You are viewing a plain text version of this content. The canonical link for it is here.

Posted to dev@harmony.apache.org by Tim Ellison <t....@gmail.com> on 2010/09/16 15:05:20 UTC

[classlib] String.toLowerCase/toUpperCase incorrect for supplementary characters (HARMONY-6649)

On 16/Sep/2010 12:32, Robert Muir (JIRA) wrote:
> Does this mean harmony might need these methods for its own internal
> use before ICU is available?

Yes, String is used early in the bootstrapping, and having dependencies
on ICU functionality leads to an initialization circularity.

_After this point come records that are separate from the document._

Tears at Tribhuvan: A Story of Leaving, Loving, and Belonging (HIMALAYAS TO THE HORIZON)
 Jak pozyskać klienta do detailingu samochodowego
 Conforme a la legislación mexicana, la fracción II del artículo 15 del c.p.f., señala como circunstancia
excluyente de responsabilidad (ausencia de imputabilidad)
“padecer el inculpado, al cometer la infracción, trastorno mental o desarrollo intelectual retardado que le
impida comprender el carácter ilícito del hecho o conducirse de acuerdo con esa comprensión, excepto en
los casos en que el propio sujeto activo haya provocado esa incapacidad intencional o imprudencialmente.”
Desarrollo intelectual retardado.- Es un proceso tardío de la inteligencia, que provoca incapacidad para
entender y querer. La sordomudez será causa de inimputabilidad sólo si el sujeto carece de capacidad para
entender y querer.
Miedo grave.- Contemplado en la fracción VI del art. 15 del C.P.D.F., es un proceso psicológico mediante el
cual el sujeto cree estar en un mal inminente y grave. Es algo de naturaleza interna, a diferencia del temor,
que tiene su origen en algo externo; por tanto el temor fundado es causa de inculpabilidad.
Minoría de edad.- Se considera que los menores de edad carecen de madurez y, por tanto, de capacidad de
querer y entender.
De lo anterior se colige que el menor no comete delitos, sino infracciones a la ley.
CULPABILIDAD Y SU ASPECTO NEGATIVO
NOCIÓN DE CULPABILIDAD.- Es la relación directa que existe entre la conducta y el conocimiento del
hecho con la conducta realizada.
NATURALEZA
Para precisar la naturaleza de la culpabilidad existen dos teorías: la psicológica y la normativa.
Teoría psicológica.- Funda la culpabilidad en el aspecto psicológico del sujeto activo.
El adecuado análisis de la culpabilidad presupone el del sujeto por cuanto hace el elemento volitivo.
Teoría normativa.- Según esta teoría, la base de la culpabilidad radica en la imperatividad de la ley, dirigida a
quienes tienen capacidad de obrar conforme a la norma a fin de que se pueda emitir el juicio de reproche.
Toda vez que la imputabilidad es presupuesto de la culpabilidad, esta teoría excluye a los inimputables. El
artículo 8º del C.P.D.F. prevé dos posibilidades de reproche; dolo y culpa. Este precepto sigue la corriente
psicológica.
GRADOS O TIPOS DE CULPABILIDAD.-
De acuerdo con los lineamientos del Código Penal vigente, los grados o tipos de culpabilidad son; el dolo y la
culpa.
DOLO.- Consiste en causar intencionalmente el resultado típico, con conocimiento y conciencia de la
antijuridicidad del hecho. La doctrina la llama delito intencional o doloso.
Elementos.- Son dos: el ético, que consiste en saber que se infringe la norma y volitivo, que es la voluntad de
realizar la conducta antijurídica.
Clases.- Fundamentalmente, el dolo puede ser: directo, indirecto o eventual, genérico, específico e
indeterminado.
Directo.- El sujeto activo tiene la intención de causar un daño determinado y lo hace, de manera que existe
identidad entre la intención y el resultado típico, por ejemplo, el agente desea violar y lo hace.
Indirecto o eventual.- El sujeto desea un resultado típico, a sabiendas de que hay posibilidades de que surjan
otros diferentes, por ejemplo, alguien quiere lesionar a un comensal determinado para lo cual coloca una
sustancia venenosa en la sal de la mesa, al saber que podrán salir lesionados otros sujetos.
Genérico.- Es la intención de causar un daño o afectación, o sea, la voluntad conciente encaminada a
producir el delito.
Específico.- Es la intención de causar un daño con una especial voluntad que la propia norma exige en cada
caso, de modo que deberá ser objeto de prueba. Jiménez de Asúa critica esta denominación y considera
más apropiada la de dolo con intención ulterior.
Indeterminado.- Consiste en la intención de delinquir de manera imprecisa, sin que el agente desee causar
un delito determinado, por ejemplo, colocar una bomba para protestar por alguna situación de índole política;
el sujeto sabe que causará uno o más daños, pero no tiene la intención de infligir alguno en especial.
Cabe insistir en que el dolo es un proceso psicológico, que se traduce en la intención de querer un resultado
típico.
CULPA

i.e. if I simply implement String#toUpperCase(Locale) as
"return UCharacter.toUpperCase(locale, this)"
then we fail to boot with

java.nio.charset.Charset (initialization failure)
     at java/lang/String.defaultCharset (String.java:736)
     at java/lang/String.<init> (String.java:232)
     at org/apache/harmony/luni/util/Util.toString (Util.java:102)
     at java/lang/System.getPropertyList (Native Method)
     at java/lang/System.ensureProperties (System.java:546)
     at java/lang/System.<clinit> (System.java:102)

Likely because we use nio Charset in the String implementation, and that
 in turn eventually calls String.toUppercase(), in CharsetProviderImpl
lines 113 and 145.

> When doing the toLowerCase(Locale)/toUpperCase(Locale), perhaps
> String.java could do:
> 
> if (locale is not Turkish or Azeri or Lithuanian) while (ch < 0x7f) (
> just do optimized fast subtraction/addition ) ... // bail out
> completely and invoke 'UCharacter.xxx'

So I wrote a prototype version of this, that does the toUpperCase for
ascii (ch<128) in-lined (i.e. using simple math), then bailing out to
ICU for chars outside that range.

It seems to boot ok with that scheme, however, I'm running on a machine
with UK locale and running our code written in ascii text.  I'll need to
think about whether the boot sequence could ever get to the point where
it needs to uppercase non-ascii.

It may be better to take out the calls of toUpperCase from nio Charset,
and have a local method to deal with those, since there are restrictions
on the strings that can be used to name charsets.

> this might be good for performance reasons?

Yes, though hopefully ICU also optimize the simple cases too.

> And harmony itself, if it uses this method at this point, is likely
> using Locale.ENGLISH or similar for consistent behavior (filenames,
> etc) ?

The locale is set up early, but ascii is ascii no matter the locale, so
uppercasing that simpler set should be fine.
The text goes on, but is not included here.